Scraped caption text data:
○ ○ ○
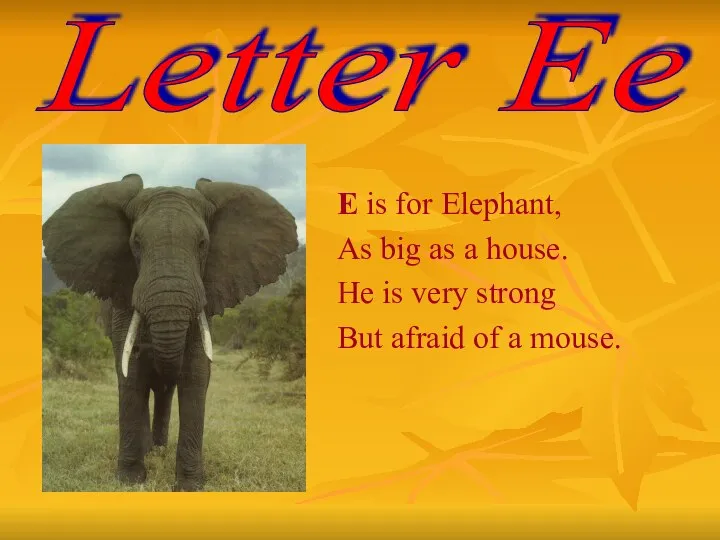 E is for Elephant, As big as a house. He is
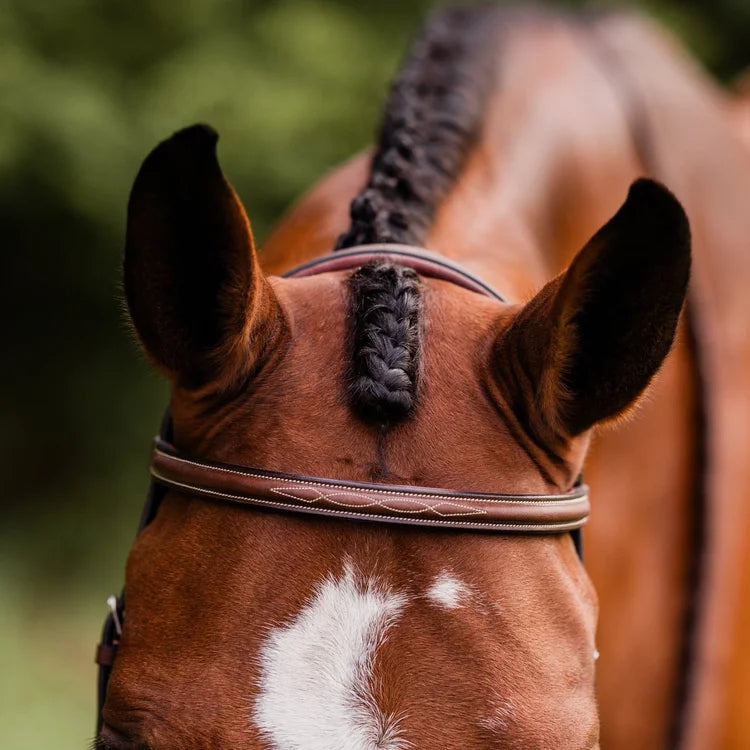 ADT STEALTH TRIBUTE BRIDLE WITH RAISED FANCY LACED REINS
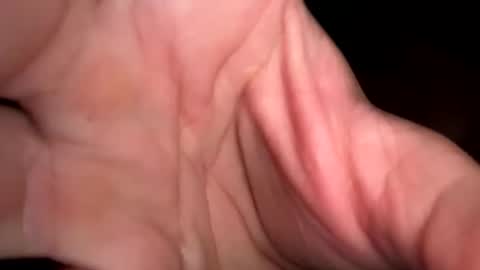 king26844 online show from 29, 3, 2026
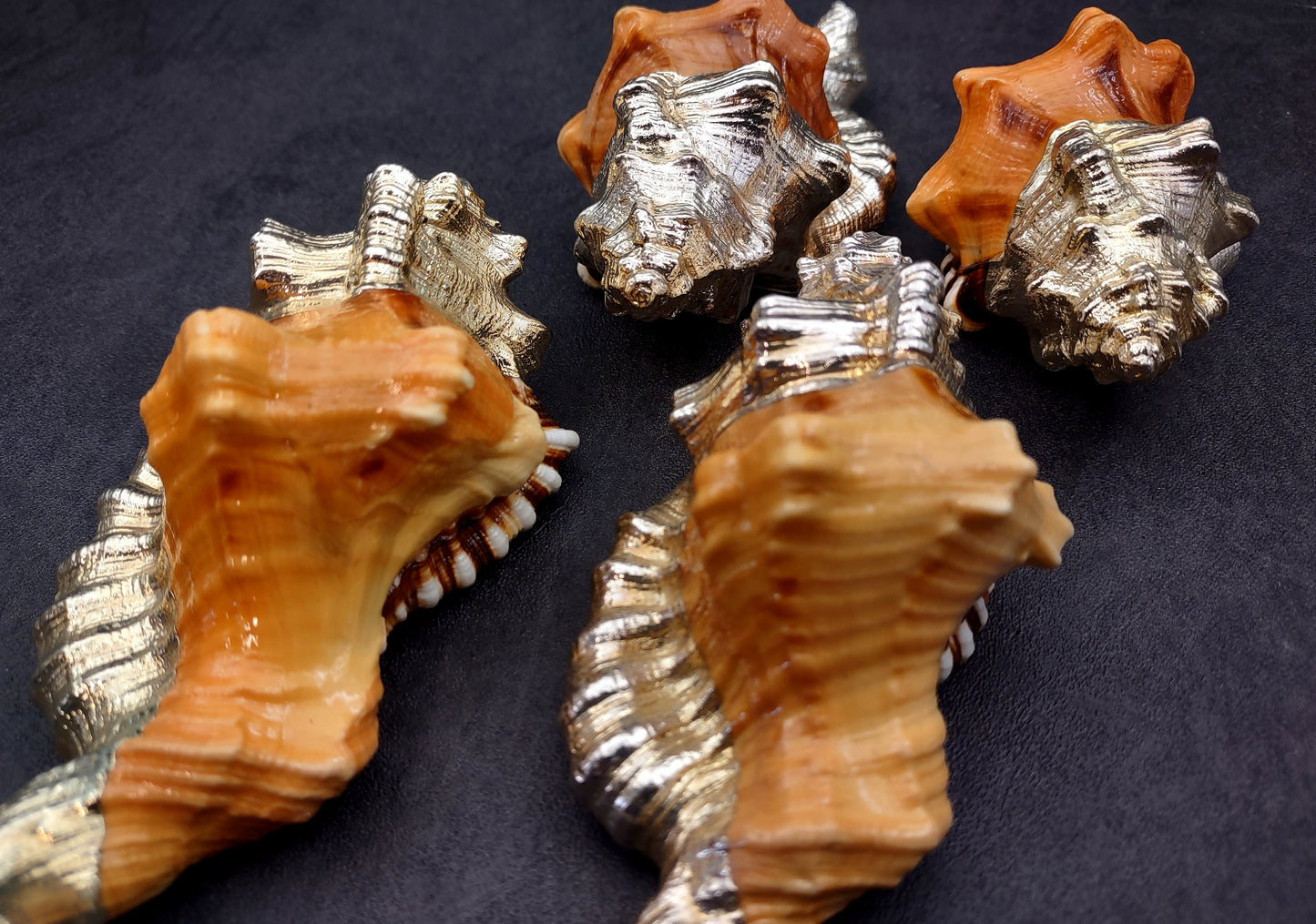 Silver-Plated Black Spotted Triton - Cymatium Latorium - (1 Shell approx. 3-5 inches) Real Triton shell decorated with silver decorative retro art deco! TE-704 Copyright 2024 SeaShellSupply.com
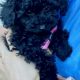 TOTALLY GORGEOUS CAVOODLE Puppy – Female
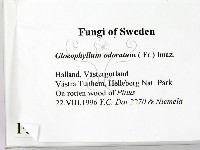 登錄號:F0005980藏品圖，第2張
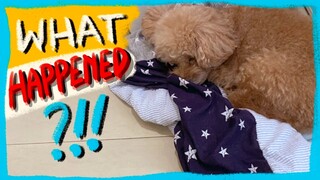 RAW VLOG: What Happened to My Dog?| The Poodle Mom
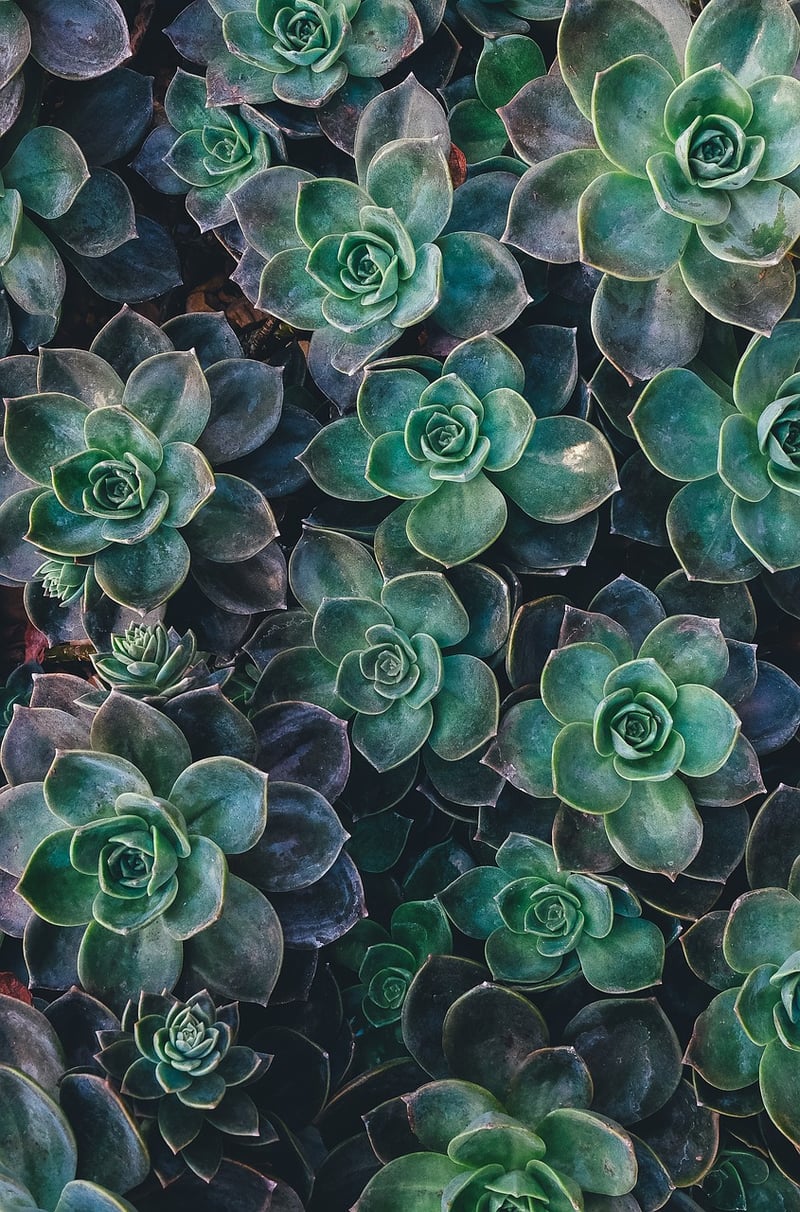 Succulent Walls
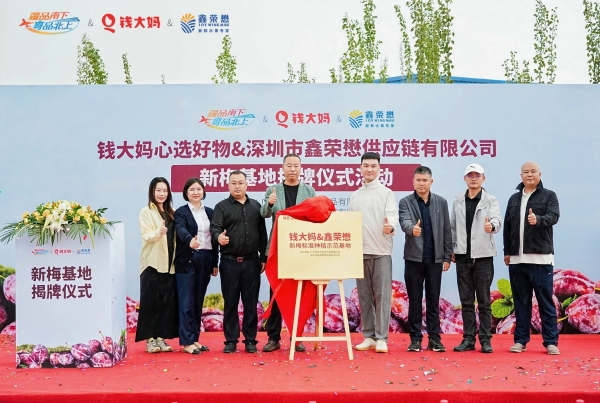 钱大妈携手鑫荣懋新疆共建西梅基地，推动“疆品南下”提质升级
○ ○ ○
Problem details: Set down exactly, and only, the lines from the one containing "Succulent Walls" through the last line of the entries. Pictures do not belong in the copy.

Answer box:
 Succulent Walls
 钱大妈携手鑫荣懋新疆共建西梅基地，推动“疆品南下”提质升级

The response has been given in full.